Manchas oscuras en pliegues de la piel
Uno de los signos más característicos es la acantosis nigricans, que aparece como zonas oscuras y aterciopeladas en cuello, axilas o ingles.
Este cambio suele relacionarse con niveles altos de insulina circulando en sangre.
Aumento del abdomen
La acumulación de grasa en la zona abdominal es una señal importante.
La grasa visceral libera sustancias inflamatorias que dificultan la acción de la insulina y empeoran el metabolismo.
Antojos intensos de azúcar y harinas
Cuando la glucosa no entra correctamente a las células, el cerebro interpreta que falta energía.
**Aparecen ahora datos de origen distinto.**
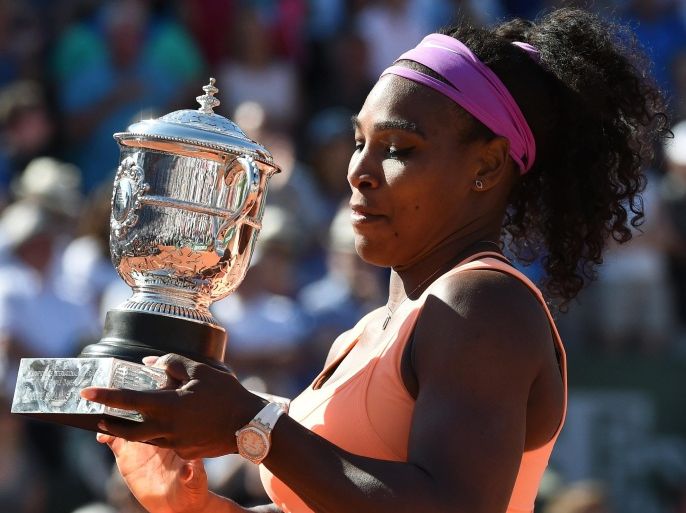 US Serena Williams celebrates with the trophy following her victory over Czech Republic's Lucie Safarova at the end of the women's final match of the Roland Garros 2015 French Tennis Open in Paris on June 6, 2015. AFP PHOTO / PASCAL GUYOT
Esto genera antojos frecuentes de dulces, pan, refrescos o harinas refinadas, creando un círculo difícil de romper.
Pequeños fibromas en cuello o axilas
Los acrocordones o “verruguitas blandas” en cuello, axilas o párpados también pueden asociarse con niveles altos de insulina.
Su aparición repentina puede ser una pista metabólica importante.
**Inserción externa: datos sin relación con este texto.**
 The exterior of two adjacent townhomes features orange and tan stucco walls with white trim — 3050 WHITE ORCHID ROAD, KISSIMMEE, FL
Dificultad para bajar de peso
Aunque se siga una alimentación saludable, perder grasa puede volverse complicado.
La insulina elevada favorece el almacenamiento de energía en forma de grasa, especialmente en el abdomen.
Niebla mental y baja concentración
Los cambios bruscos en glucosa e insulina pueden afectar el rendimiento mental.
Esto se traduce en olvidos, falta de enfoque, cansancio cerebral y sensación de mente lenta.
Hambre poco tiempo después de comer
Otro signo frecuente es sentir hambre muy rápido después de haber comido, incluso tras una comida abundante.
Esto ocurre porque se alteran las señales hormonales de saciedad.
Presión alta y triglicéridos elevados
La resistencia a la insulina suele acompañarse de:
Triglicéridos altos Colesterol HDL bajo Presión arterial elevada Aumento de cintura abdominal
Este conjunto aumenta mucho el riesgo cardiovascular.
Idea importante
La resistencia a la insulina sí puede mejorar e incluso revertirse en muchas personas.
Dormir mejor, caminar después de comer, reducir ultraprocesados, aumentar proteína y fibra, y bajar grasa abdominal suelen marcar una gran diferencia.